PROVIDED MATERIAL
"""

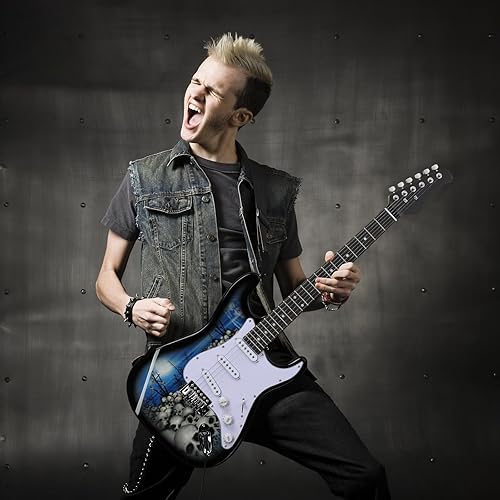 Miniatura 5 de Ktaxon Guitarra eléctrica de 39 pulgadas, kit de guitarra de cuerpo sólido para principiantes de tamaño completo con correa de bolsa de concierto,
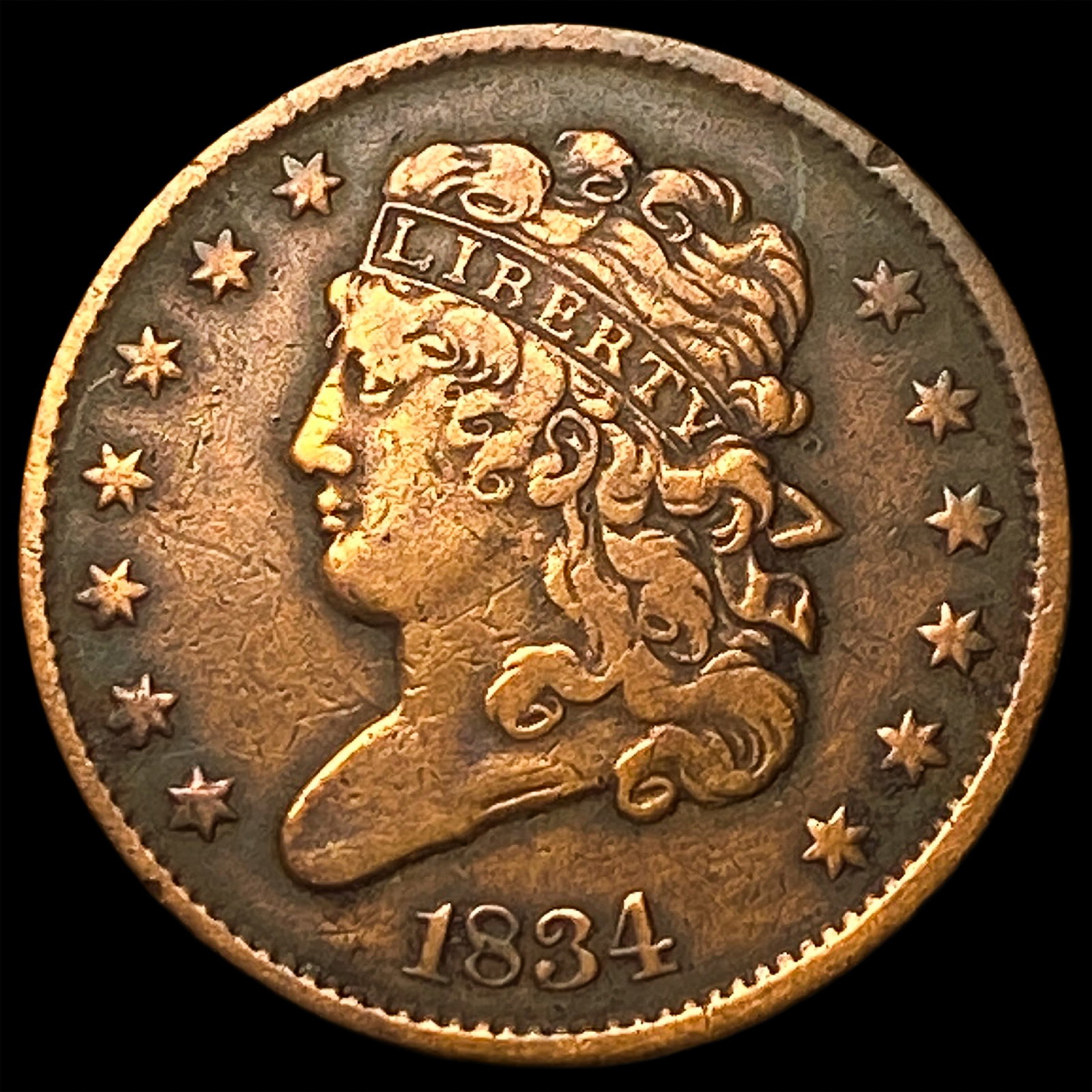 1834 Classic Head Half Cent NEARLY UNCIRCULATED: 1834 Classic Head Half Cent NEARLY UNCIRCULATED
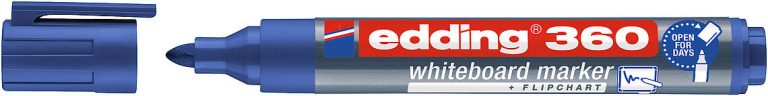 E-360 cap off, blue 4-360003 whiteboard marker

"""

TASK TO COMPLETE
Return nothing but the lines running from the start of the data to the line with "1834 Classic Head Half Cent NEARLY UNCIRCULATED: 1834", please, both ends included and no pictures.

SOLUTION TO THE EXERCISE
 Miniatura 5 de Ktaxon Guitarra eléctrica de 39 pulgadas, kit de guitarra de cuerpo sólido para principiantes de tamaño completo con correa de bolsa de concierto,
 1834 Classic Head Half Cent NEARLY UNCIRCULATED: 1834 Classic Head Half Cent NEARLY UNCIRCULATED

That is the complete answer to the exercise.